Hansen: Yeah, that clearly communicates. That makes a ton of sense. But I think it’s clear just in general here of what you’re saying. One thing you talk about in the book is that, you know, “Evangelicals are hardwired to reject legalism.” You know, it’s like, “No. Any rule is legalistic.” You’re pretty clear in the book that you don’t think there’s really much risk of that at all today. We certainly see them on the continuum closer to licentious. But help me to apply this in one specific way here. And, you know, there’s kind of been a push of like, “No, don’t talk about quiet times and stuff like that because that’s too legalistic and stuff like that.” But I wonder, help me with this, how does waking up to my iPhone shape my view of God?
Crouch: Well, I mean, your iPhone is there waiting for you to look at it and, you know, the new ones now, they know when you pick them up. They’ll wake up just by being picked up. You don’t have to, you know, turn them on. And all those notifications will pop up on the screen if you have it set that way. I think what it short circuits is, you know…you specifically mentioned waking up, and I would say going to sleep and waking up, these are the most vulnerable moments of our human days on a given day. I mean, there’s other very vulnerable moments in human life, but in a routine way, every night I fall asleep. And, in English, we use that verb “fall” and with all of it sets of who’s going to catch me? What’s going to be at the bottom? You know, and those are the moments when, for generations, for millennia, Christians and Jews and prayerful biblical people have trained themselves to practice the presence of God. That as I’m falling asleep and as I wake up, I fall asleep to a God who isn’t going to sleep, who’s going to care for me and I wake up to a God who has cared for me and who will provide for the day to come. And I need to practice that because I am naturally self-absorbed. I’m naturally gripped by anxiety at both of those ends of my day. And if I have this little distractor device that will maybe lull me to sleep with distraction until my eyes just are so heavy that they close and will wake me up with all these notifications about things I need to know about and things I need to do, and what’s my schedule for today, and what’s the weather like, I’m going to miss the quiet in which I’m going to discover how to depend on God.
So, you know, honestly, I will say, this is one thing that changed my life because I wrote this book, is I was not doing it. I was waking up with my device. And friends of mine said, “Oh my gosh, we don’t even let those things in our bedroom. Why would you do that?” And the answer was, “Well, because it’s an alarm.” And I realized I have an alarm clock that is sitting there that could be used. And so, more and more I’m leaving it far from our bedroom. And, more importantly even, when I get up in the morning and I make my tea, which is my first act of devotion in the day, I’ve decided I am going to go outside before I look at my iPhone. And so, I’m gonna make my tea, I’m just gonna open the door, and even for 30 seconds or 10 seconds I’m going to step outside and just be in the world rather than jump into this virtual world. And I was not doing this until I wrote that chapter about how we wake up and how we go to sleep. And I just want my life to have this space in it where I acknowledge that I’m human, that I’m created, that I’m part of creation, that I’m in a relationship with a gracious creator, before I immerse myself in the distraction and anxiety that the day will bring.
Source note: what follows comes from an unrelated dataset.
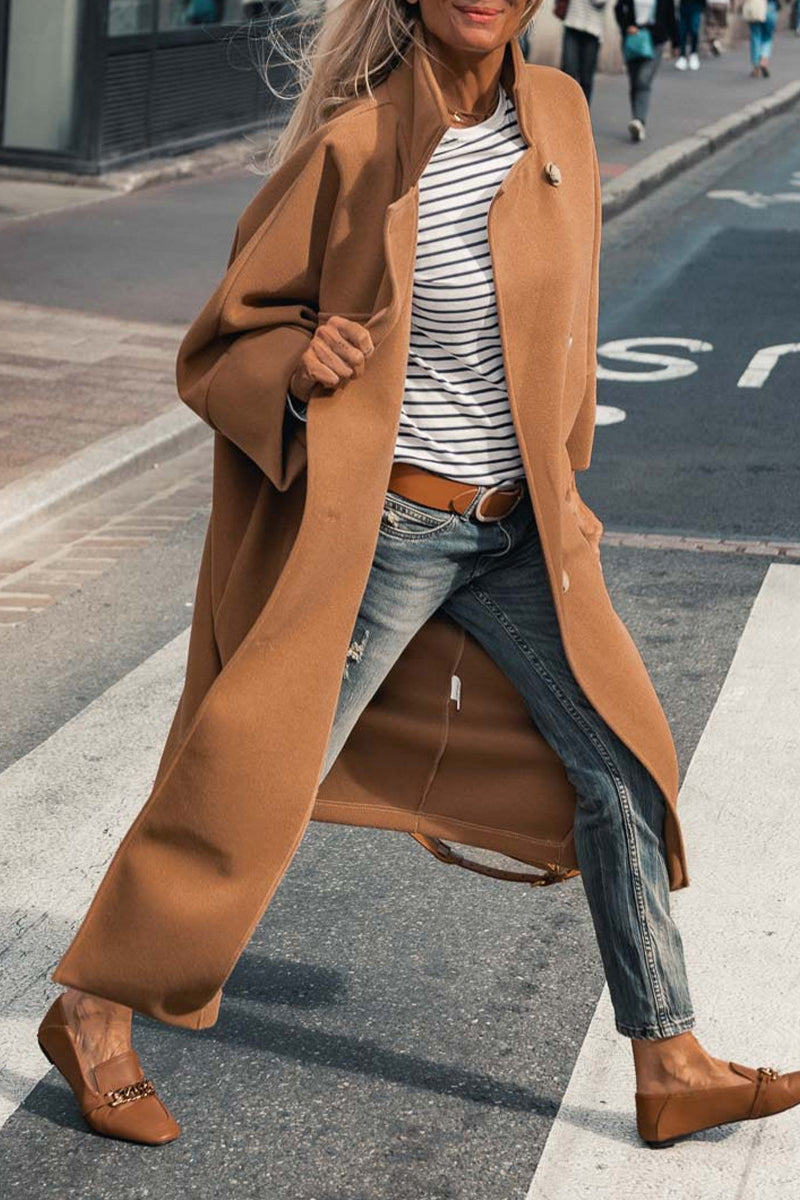 Rosario | Casual street outerwear with solid color pockets and buttons and reversible collar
Hansen: Yeah. And I think, Andy, that’s probably gonna be the biggest change that comes from me on this as well. I’ve noticed like I don’t drink coffee, which a lot of people seem to be very disturbed by, that I don’t drink coffee. But I’m like…but I realized the last couple mornings, I’ve been trying to do this after reading your book, I realized like, I can’t wake up. Well, why can’t I wake up? Because my phone is what I was using to jerk me into attention. That was my coffee. That was my jolt, [inaudible]. So that’s not a very good thing. But I will say this. I think after reading your book, my tendency to read my Twitter mentions before going to sleep is probably the opposite of what I should be doing, especially because those Twitter mentions tend not to be very positive. So, I’m guessing lying late at night in the dark by myself reading lots of nasty things people are saying about me is probably not the best way to spend my time. So, anyway, I’m learning some things. Like I said, we’re entering into the confessional at this point in the podcast.
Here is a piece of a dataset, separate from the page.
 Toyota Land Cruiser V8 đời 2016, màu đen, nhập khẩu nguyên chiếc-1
All right, I just have a few more questions. Let’s say, Andy, somebody is not ready to buy into your full program. What then would you say is the single most important practice you’d tell that person to immediately implement? And I’ll give you first what I would suggest, okay? You can tell me if I’m wrong, but here’s what I would suggest. I’d vote for singing together, which you talk about in there. You talk about in the book. We love the hymnal, which is crazy because we don’t go to a church that sings the hymnal and we’re some of those evangelicals who left all that stuffy stuff behind. But my two-year-old requests “Amazing Grace” and “Come Thou Fount,” which you can sing, both of them, hymns 92 and 93 in our old United Methodist hymnal. So, he calls it the hymndal but, you know, whatever. We’re getting there. That’s what I would suggest. But what do you think? What’s that practice that you would recommend, the first thing you’d say?
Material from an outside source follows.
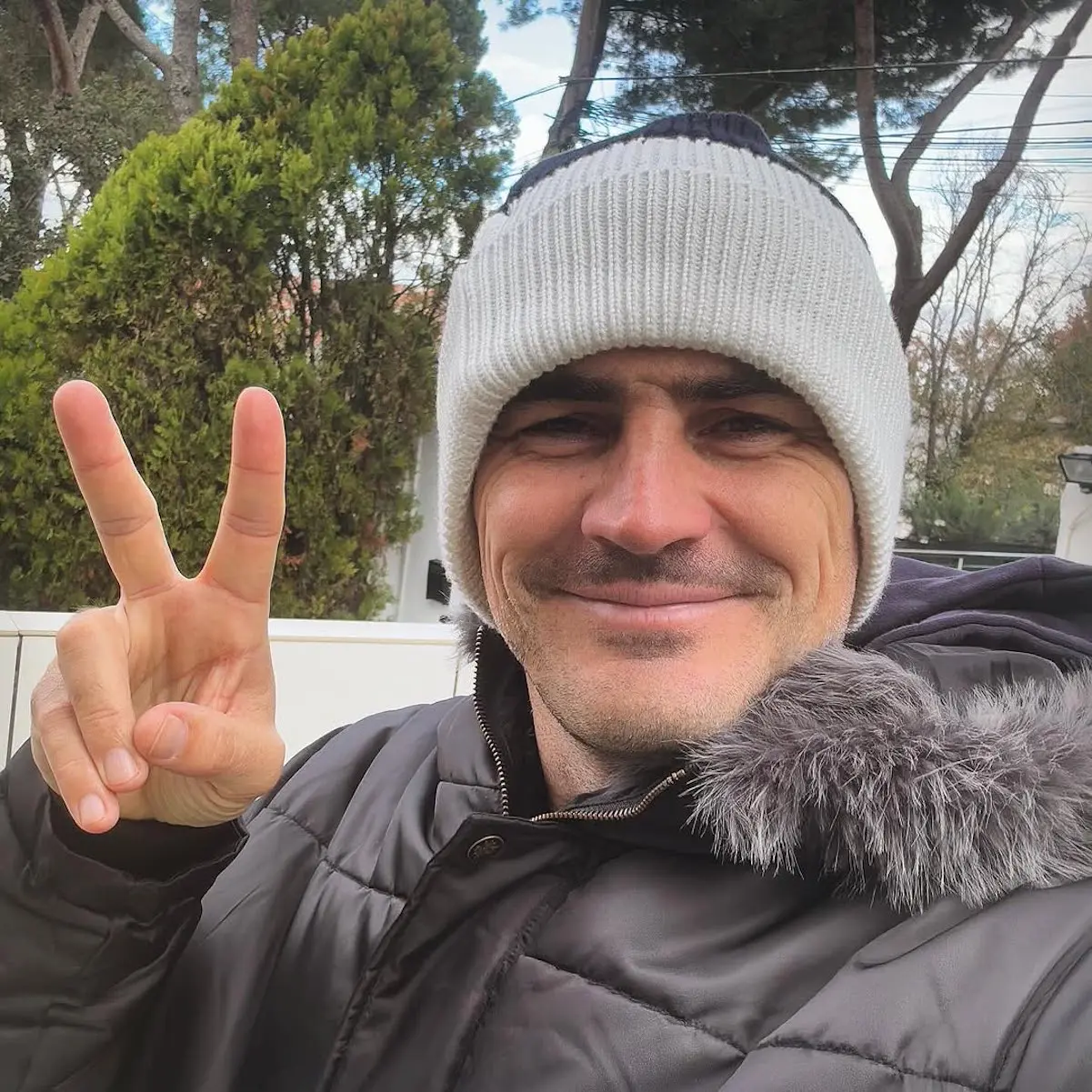 Iker Casillas solidario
Crouch: Well, first, I just love your own take on it. It’s not what I would have said, although… I think I wouldn’t have said it because I wouldn’t wanna make…you know, the reality is some families, it’s sort of like language. If you didn’t grow up with music at all, especially producing music like your son fortunately is doing, if you don’t grow up with it, you do sometimes just…you’re missing the sort of cognitive apparatus to produce music, to sing. And you might love music, but producing it, you can’t. And I hate to make a family feel like somehow, you know, if we aren’t musical, we have to do this. And, frankly, if you told our family we had to go out and play, like, pickup basketball, it would be so awkward because we’re not very athletic, honestly. And so, I get that different families are different. Although, I do think you’re onto something. And what you’re really onto is, “Let’s fill our lives with the best things we know to create that actually call us to do something, rather than just consuming, right?” So, fill your life with creating rather than consuming. And, actually, I’d be totally up for a family making a pickup game in the backyard or in their driveway. That’s probably just as good as singing, almost as good, almost as good as singing.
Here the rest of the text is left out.